Qu'en sera-t-il du collègue qui ne sera pas remplacé ? Qui reprendra la procédure pour la présenter à un magistrat avant l'expiration du délai de deux ans ? Nous avons l'impression que les dispositions du projet de loi, d'une façon générale, sont pensées pour quelques dossiers de grande délinquance financière. Le code de procédure pénale s'appliquant aussi aux affaires traitées dans les commissariats et au contentieux de masse, le texte risque d'avoir des conséquences assez importantes et préjudiciables. Aujourd'hui, si nos collègues ne traitent pas les enquêtes préliminaires, ce n'est évidemment pas par choix. La charge mentale est une réalité, car il y a aussi les victimes, qui appellent pour savoir où en est leur dossier. Lorsque nous contactons les magistrats, ceux-ci nous invitent à prioriser les dossiers, le « très très urgent » devant passer avant le très urgent et avant l'urgent. Nous faisons en fonction des moyens humains et matériels qui sont les nôtres. Malheureusement, il ne suffit pas de changer la loi pour faire évoluer la situation du jour au lendemain.
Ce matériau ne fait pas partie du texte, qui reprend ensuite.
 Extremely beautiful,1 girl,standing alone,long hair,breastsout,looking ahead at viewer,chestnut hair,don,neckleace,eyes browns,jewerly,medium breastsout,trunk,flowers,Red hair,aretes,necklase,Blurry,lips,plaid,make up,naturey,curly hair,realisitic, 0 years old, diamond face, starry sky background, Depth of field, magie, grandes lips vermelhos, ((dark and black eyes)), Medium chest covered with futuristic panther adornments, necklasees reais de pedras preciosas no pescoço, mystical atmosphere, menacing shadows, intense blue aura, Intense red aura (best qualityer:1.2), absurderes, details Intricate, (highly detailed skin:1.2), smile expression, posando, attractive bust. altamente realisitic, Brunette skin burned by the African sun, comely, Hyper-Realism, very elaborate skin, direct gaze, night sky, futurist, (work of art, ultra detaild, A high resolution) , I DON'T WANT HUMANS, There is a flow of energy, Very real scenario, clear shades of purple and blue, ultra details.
Nous avons également une interrogation à propos du rappel à la loi. Nous accueillons assez favorablement sa suppression, car il s'agit d'une modalité de classement sans suite. Néanmoins, près de 300 000 rappels à la loi sont prononcés chaque année. J'ai quelques doutes quant à la possibilité de l'institution judiciaire et de la nôtre à faire appliquer 300 000 amendes ou peines d'intérêt général par an. Certains magistrats nous disent qu'ils n'ont pas d'autre choix que de classer pour d'autres motifs, car le rappel à la loi était parfois utilisé pour des faits qu'ils jugeaient d'une importance relativement faible. Si c'est cela et si cette suppression n'aboutit pas à des sanctions effectives dans les dossiers concernés, nous ne serons pas satisfaits.